Location
- 11800 North Rockwell Avenue Oklahoma City, Oklahoma 73162 United States

Information
- Type: public school
- Motto: "It's a great day to be alive, and it's a great day to be a Panther!"
- Established: 1978
- Locale: Suburban
- School district: Putnam City Schools
- Authority: Oklahoma State Department of Education
- Principal: Thomas McNeely
- Teaching staff: 101.24 (FTE)
- Grades: 9-12
- Enrolment: 1,577 (2023–2024)
- Student to teacher ratio: 15.58
- Colors: Cardinal red and gold
- Mascot: Panther
- Newspaper: The North Star
- Yearbook: PANTHERTRACKS
- Website: Official website

= Putnam City North High School =

Putnam City North High School (PCN, PC North) is a public high school situated in Northwest Oklahoma City, Oklahoma, United States. It is accredited by the North Central Association of Secondary Schools and is one of three high schools in the Putnam City Schools.

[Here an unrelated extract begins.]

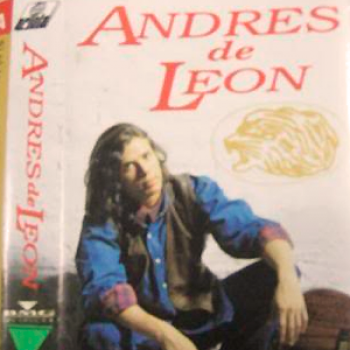 Album Andres de leon de Andrés De León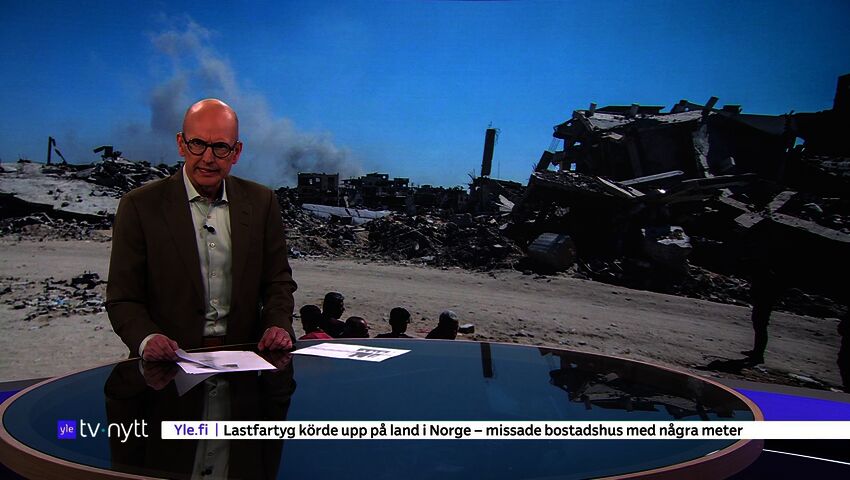 Yle Nyheter TV-nytt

Offering education in grades nine through twelve, North is among the highest scoring public schools in Oklahoma, ranging from End of Instruction tests to college admission exams.

==History==
Putnam City North High School opened its doors August 24, 1978. In its first year, the school took 750 sophomores and juniors from Putnam City High School and Hefner Middle School.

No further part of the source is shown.